Três impressões de um torcedor (comentário a respeito do documentário do netflix sobre o rei do futebol)

Vou dividir minha ‘’análise’’ do filme em questão em três impressões, amigo leitor:

1.É impossível homenagear Pelé.

2.Pouca magia, carência estética e uma dose de ignorância sobre a importância cultural de Vossa Majestade.

3.Ênfase em um mal fundamentado paralelo entre Pelé e o regime civil-militar (Síndrome De Vaney?).

É impossível homenagear Pelé

Não sou crítico de cinema. Excetuando o Canal 100, Glauber Rocha, Anselmo Duarte e Carlos Imperial, o cinema é um universo desconhecido para mim. Sobre a qualidade técnica do filme, eu poderia aproveitar a ocasião e exibir os clichês habituais – excelente fotografia! E o uso do efeito kuleshov? Eu não entendo nada sobre esse tal efeito e, de uma maneira geral, o único efeito que conheço é o chute com efeito. Confesso: sou um analfabeto em matéria de sétima arte. Não conheço nenhum João Kuleshov. Conheço apenas a folha seca de Didi. Com sinceridade, amigos, apresento minhas credenciais. Falarei como um torcedor apaixonado e, por conseguinte, de forma totalmente parcial e passional.

Além de não entender nada de cinema, sou um peladeiro das letras. O leitor percebe desde a primeira frase. É uma maneira indisfarçável de escrever: uma bola de trapos e palavras rolando nos campinhos de terra da retórica de torcedor apaixonado. O futebol é literatura, carnaval, teatro, anedota e narrativa popular. Em uma pelada, cada um de nós já foi craque, já vestiu as fantasias da imaginação e acreditou ser Ademir da Guia, Rivelino, Sócrates, Mauro Shampoo ou Super Ézio – o jogo nos faz transgredir a banalidade fenomênica do comum. O maior camisa 10 da literatura compreendeu a alma do jogo: a mais sórdida pelada é de uma complexidade shakespeariana. Nelson Rodrigues tinha razão sobre o futebol. Se a paixão nacional é shakespeariana, amigo leitor, o futebol está além dos contos de fada da Disney – um bom sociólogo entenderia o aspecto obvio e ululante do aforismo rodrigueano.

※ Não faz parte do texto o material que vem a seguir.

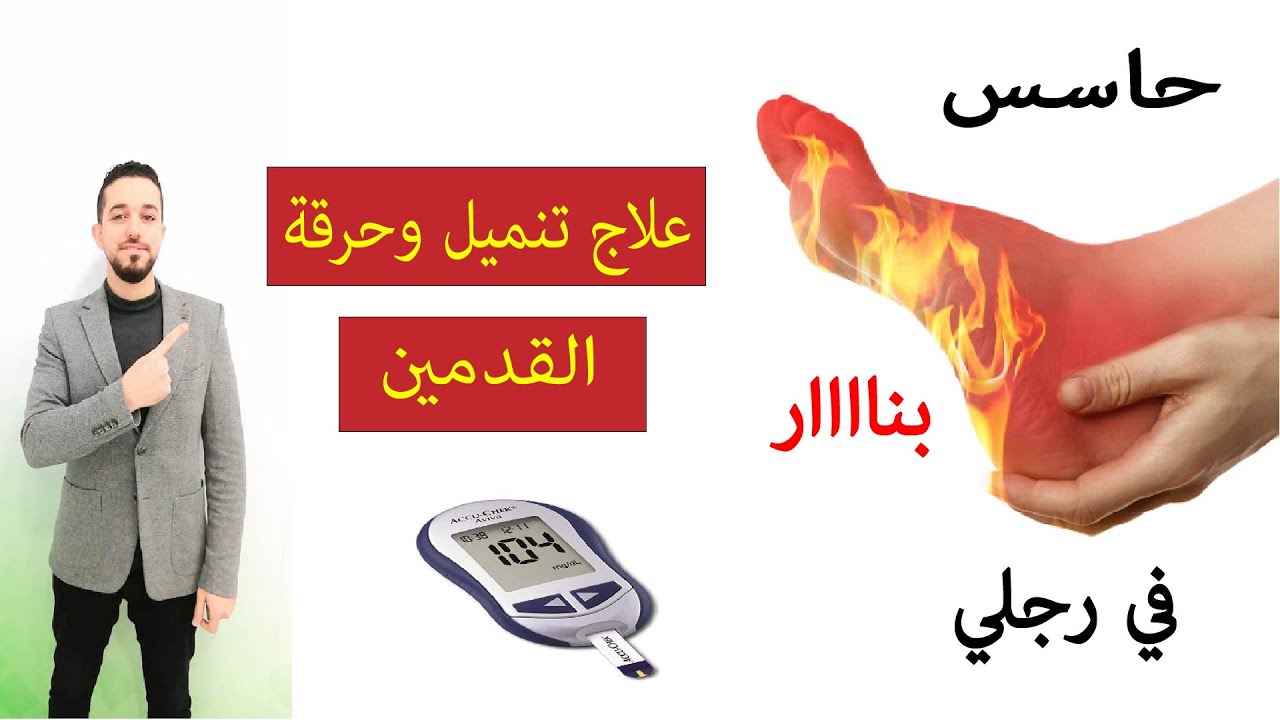 علاج حرقة وتنميل القدمين | أسباب التهاب الأعصاب الطرفية عند مرضى السكر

Minha estreia na pelada das letras aconteceu por ocasião do aniversário de oitenta anos de Vossa Majestade. Na Monarquia Parlamentarista Futebolística do Brasil, o primeiro ministro da Copa das Copas, Aldo Rebelo, me escalou para uma importante partida – escrever uma homenagem para o Rei! Como súdito, cidadão e peladeiros das letras, eu tremia de pavor. Era como se eu sofresse de mal de Parkinson no contexto de um terremoto. Como qualquer garoto da base, tomado pelo nervosismo, entrei em campo e… joguei! Na ocasião, uma grande filósofa carioca me ajudou na revisão do texto. Tive de apelar para a sabedoria dos filósofos. Eu não poderia deixar de jogar aquela partida. Sou um fominha, um peladeiro incurável. O verdadeiro peladeiro só pode ser vencido pela vontade de jogar. O jogo atualiza a potência criadora do lúdico.

Nelson Rodrigues via o futebol com a riqueza dramática de uma peça de Shakespeare.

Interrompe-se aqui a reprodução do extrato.